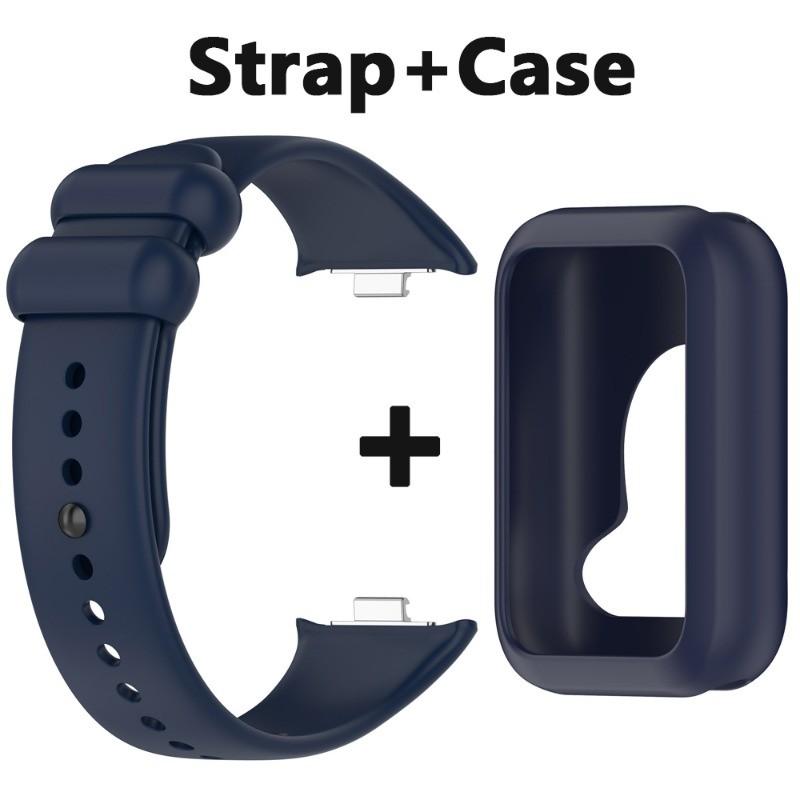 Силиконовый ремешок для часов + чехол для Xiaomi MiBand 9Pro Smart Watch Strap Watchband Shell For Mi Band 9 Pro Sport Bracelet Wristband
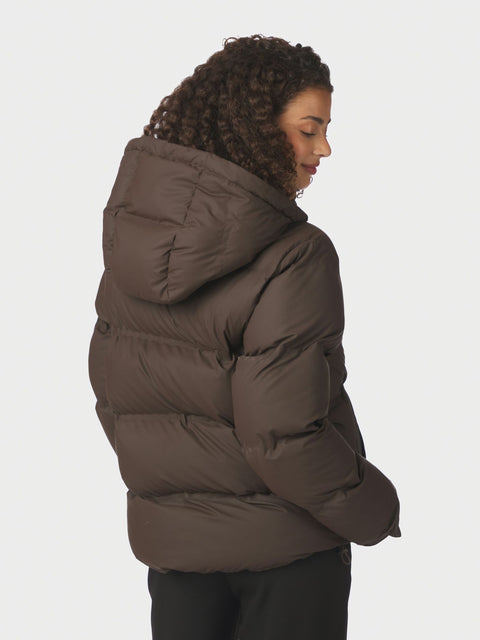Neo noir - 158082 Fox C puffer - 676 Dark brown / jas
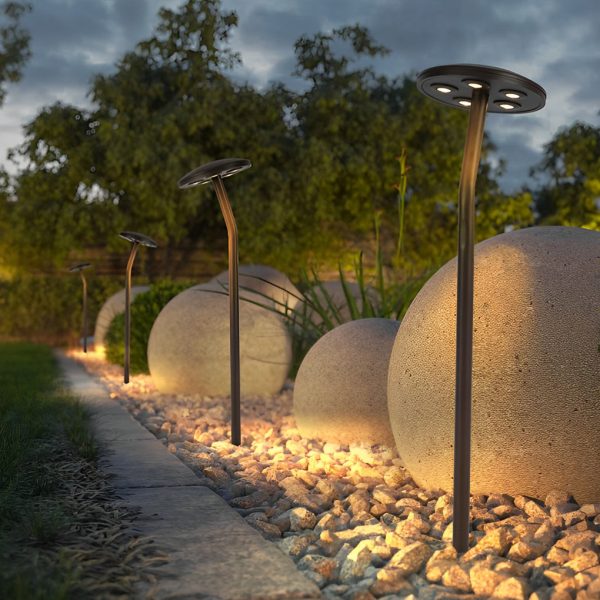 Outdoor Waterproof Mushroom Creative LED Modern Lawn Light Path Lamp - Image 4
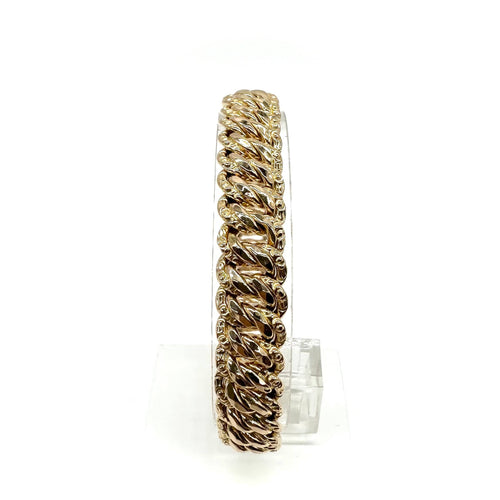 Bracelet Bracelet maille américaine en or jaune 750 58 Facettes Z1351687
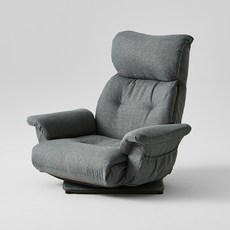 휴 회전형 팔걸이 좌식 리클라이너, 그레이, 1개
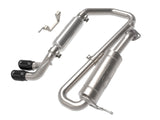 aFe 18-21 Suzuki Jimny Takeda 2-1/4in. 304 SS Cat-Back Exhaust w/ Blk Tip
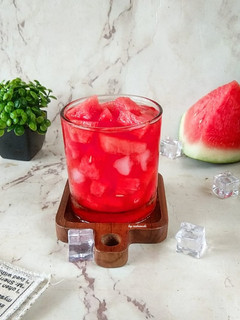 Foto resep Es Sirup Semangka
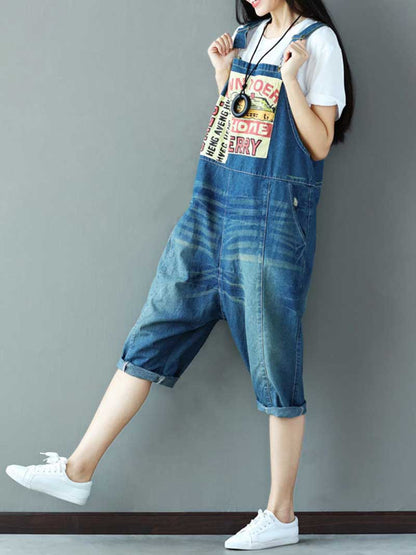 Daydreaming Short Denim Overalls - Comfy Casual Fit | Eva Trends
◆ ◆ ◆ ◆ ◆
# YOUR OBJECTIVE:
Only the lines from the one holding "Outdoor Waterproof Mushroom" through the end of the records belong in the answer, copied exactly and without pictures.

# FINAL ANSWER:
 Outdoor Waterproof Mushroom Creative LED Modern Lawn Light Path Lamp - Image 4
 Bracelet Bracelet maille américaine en or jaune 750 58 Facettes Z1351687
 휴 회전형 팔걸이 좌식 리클라이너, 그레이, 1개
 aFe 18-21 Suzuki Jimny Takeda 2-1/4in. 304 SS Cat-Back Exhaust w/ Blk Tip
 Foto resep Es Sirup Semangka
 Daydreaming Short Denim Overalls - Comfy Casual Fit | Eva Trends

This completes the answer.